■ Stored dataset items
BEGIN
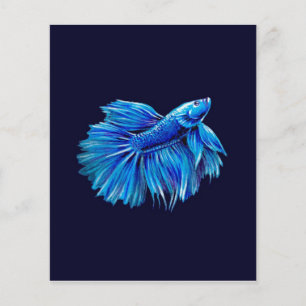 Blue Betta Fish on Navy Aquarium Älskare Flygblad
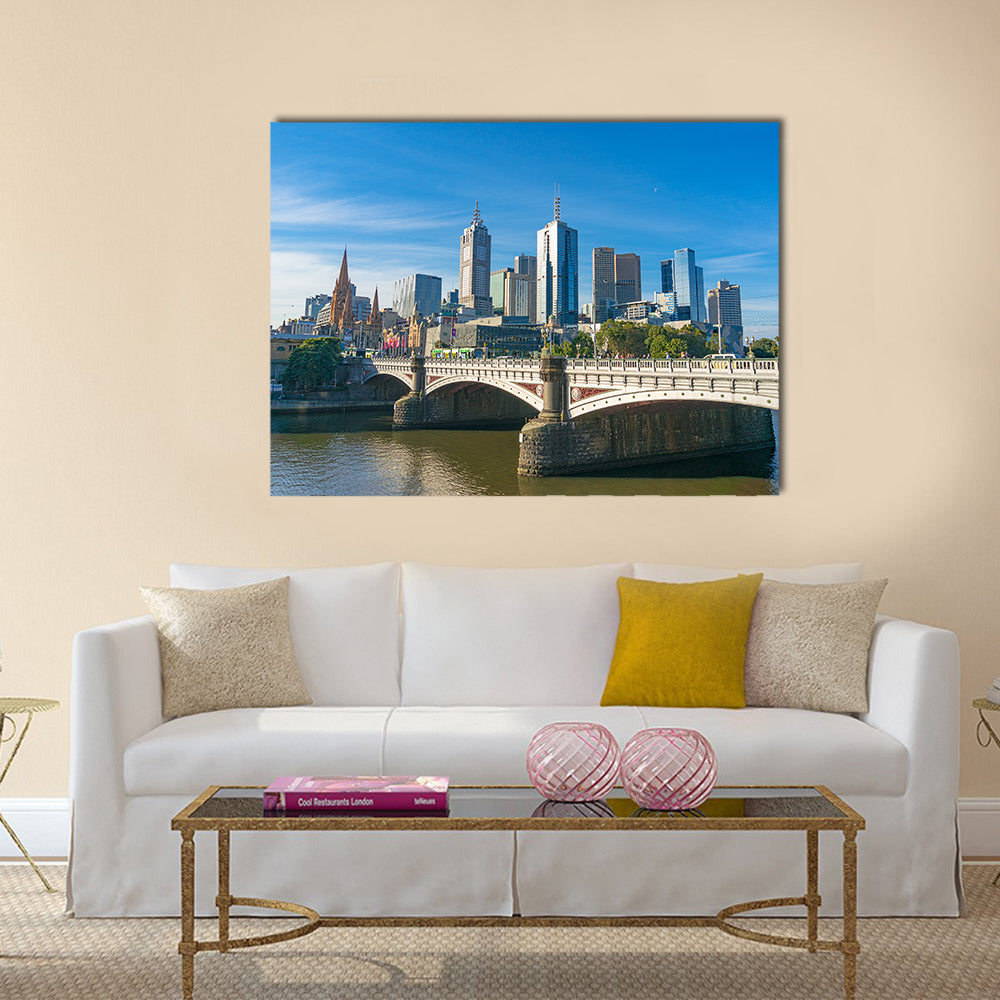 CBD Cityscape With The Price Bridge Over The Yerra River, Melbourne, Multi Panel Canvas Wall Art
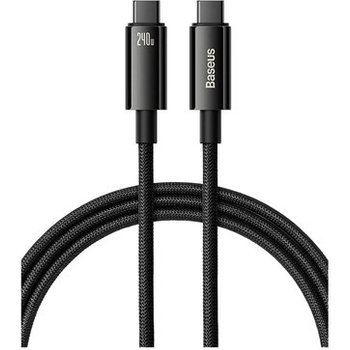 Cabo Tipo C para Tipo C Baseus Tungsten Gold, 100W, 1m, Preto - CATWJ-01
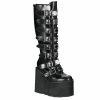 DEMONIA Swing-815 Faux Leather Goth Cyber Metal Plate Buckle 5.5" Platform Boots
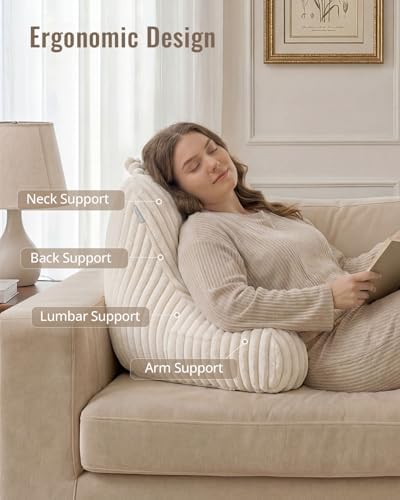 Blissful Diary Reading Pillow for Bed, Backrest Pillow, Cream White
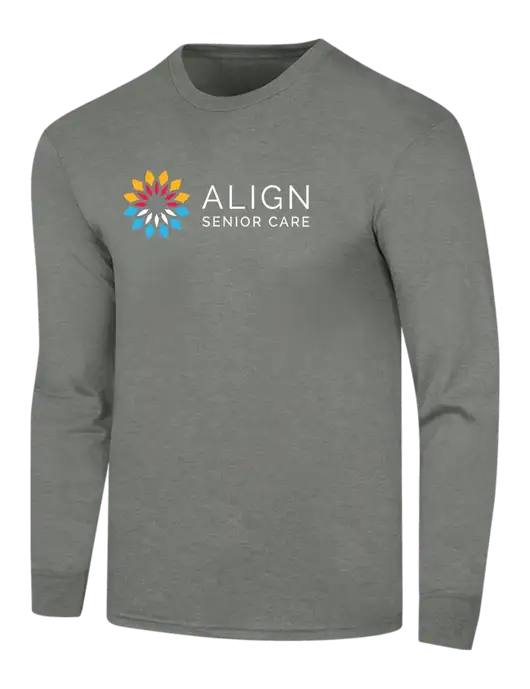 Simply Soft Long Sleeve Heathered Charcoal 4.5 oz, Poly/Combed Ring Spun Cotton T-Shirt w/Align Senior Care Logo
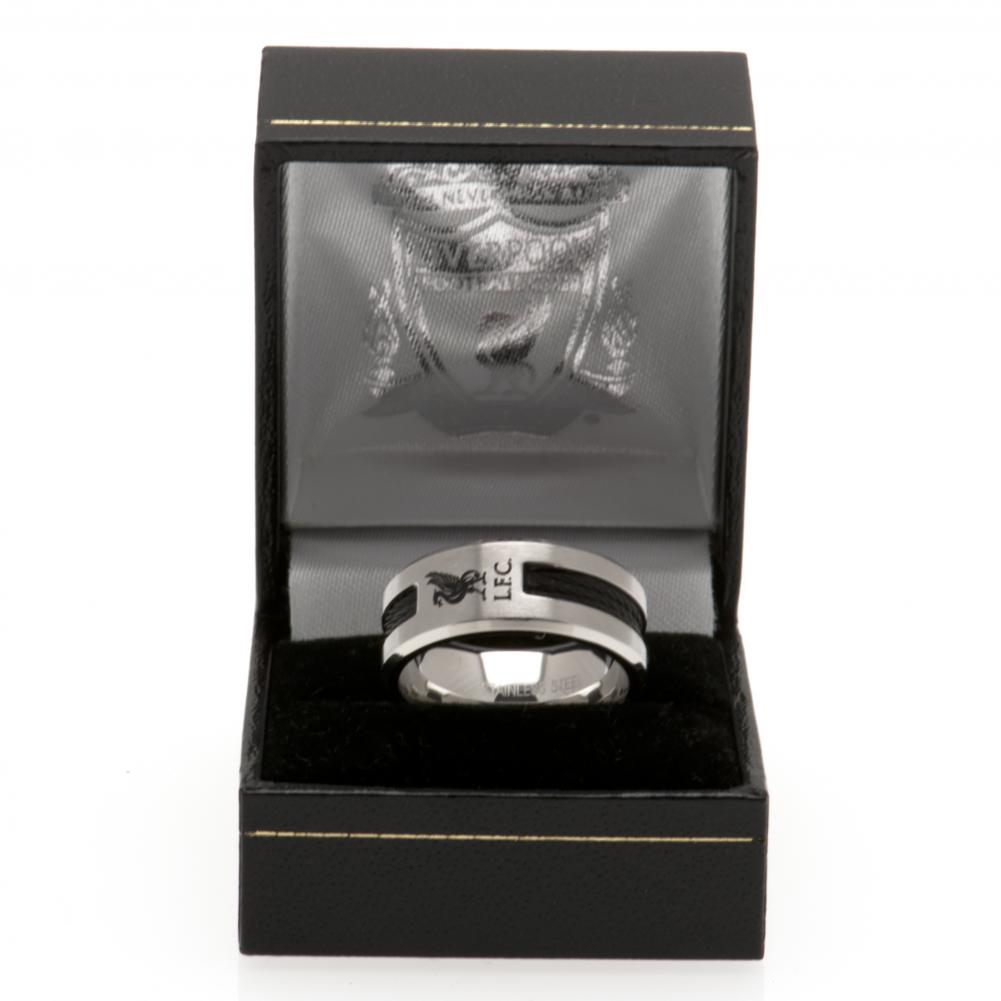 Liverpool FC Black Inlay Ring Large - Shop Jewellery At Gift Moments - 2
END
■ PROBLEM DESCRIPTION
Reproduce, word for word, every line from the start of the records down to and including the line with "Simply Soft Long"; skip the pictures.

■ RESULT BELOW
 Blue Betta Fish on Navy Aquarium Älskare Flygblad
 CBD Cityscape With The Price Bridge Over The Yerra River, Melbourne, Multi Panel Canvas Wall Art
 Cabo Tipo C para Tipo C Baseus Tungsten Gold, 100W, 1m, Preto - CATWJ-01
 DEMONIA Swing-815 Faux Leather Goth Cyber Metal Plate Buckle 5.5" Platform Boots
 Blissful Diary Reading Pillow for Bed, Backrest Pillow, Cream White
 Simply Soft Long Sleeve Heathered Charcoal 4.5 oz, Poly/Combed Ring Spun Cotton T-Shirt w/Align Senior Care Logo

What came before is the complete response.